Submitted to: International Symposium on Preferential Flow
Publication Type: Proceedings
Publication Acceptance Date: November 1, 2000
Publication Date: January 3, 2001
Interpretive Summary: Although the influence of soil water dynamics and chemical behavior on crop yield variability is thought to be critical, they are poorly understood at the watershed scale of observation. Preferential flow has recently been identified as the major contributor to the unexpected and rapid transport of agricultural chemicals to groundwater. Its impact on crop growth, however, remains uncertain. Funnel flow, one aspect of preferential flow, can be defined as the movement of water along clay lenses that eventually converges to form small, discreet subsurface flow pathways. This study compared the spatial distribution of the corn grain yield with soil parameters, remotely sensed imagery, and subsurface flow pathways during two consecutive drought years within a geographic information system. Results demonstrated that yield spatial variability was poorly correlated with soil chemical and physical properties, but was highly correlated with color infrared imagery and the primary subsurface flow pathways derived from ground-penetrating radar data. This investigation concluded that the identification of field-scale, subsurface flow pathways can be predictive of high yielding areas during periods of severe drought, therefore, a knowledge of these flow pathways is essential to understanding and managing the spatial and temporal variability of crop yields.
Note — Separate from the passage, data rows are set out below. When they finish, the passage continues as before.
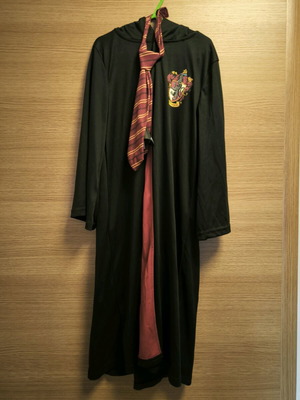 Στολή Happy Potter μέγεθος 122/128 σαν καινούργιο από H&M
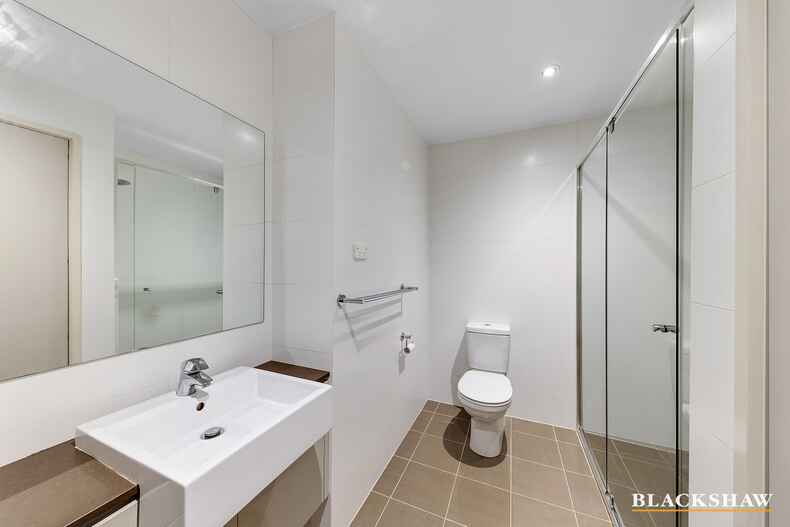 15/71 Giles Street Kingston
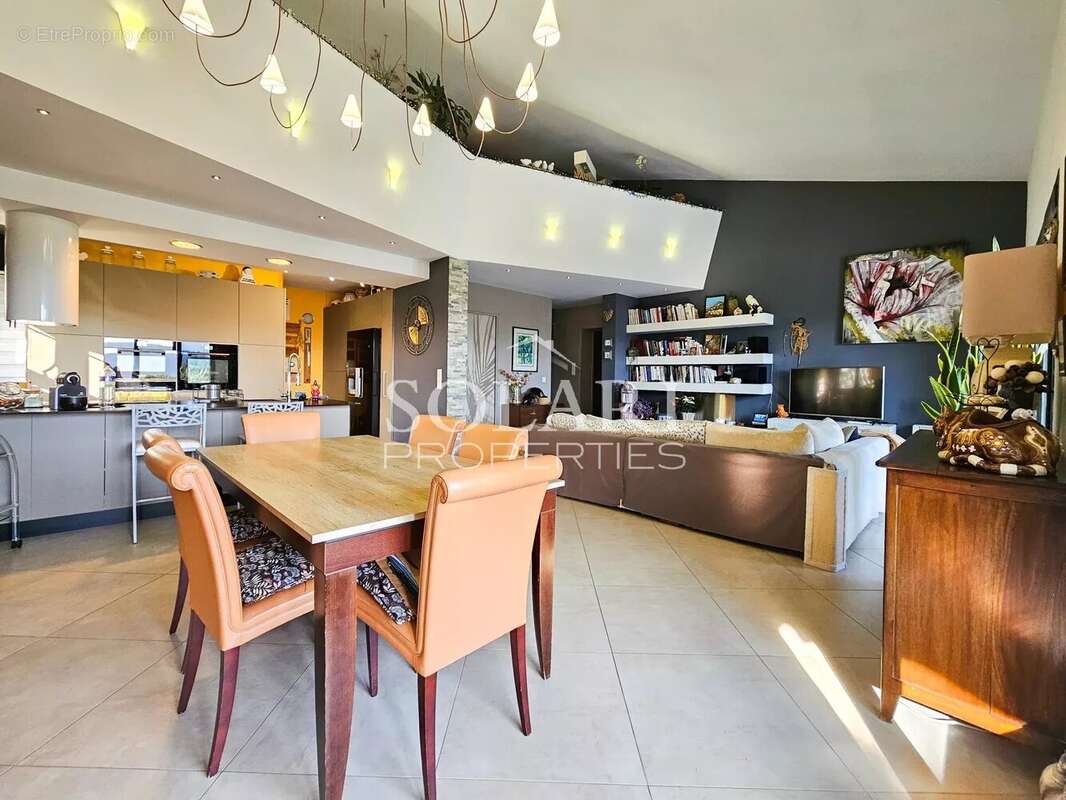 Maison à MANDELIEU-LA-NAPOULE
Technical Abstract: Water availability is often the most important factor controlling crop growth in rain-fed agriculture. Although landscape position, soil characteristics, and subsurface stratigraphy are known to influence water availability, the spatial and temporal dynamics of soil moisture are still poorly understood. This study compared the spatial distribution of the corn grain yield with soil parameters, remotely sensed imagery, and subsurface flow pathways during two consecutive drought years within a geographic information system (GIS). Over 12 km of georeferenced, ground-penetrating radar (GPR) data were collected on adjacent, 4 ha watersheds in order to identify subsurface clay lenses which were thought to influence the spatial distribution of available soil moisture. Results demonstrated that the spatial distribution of corn grain yield was poorly correlated with soil chemical and physical properties but was highly correlated with color infrared (CIR) imagery and the primary subsurface flow pathways derived from GPR data.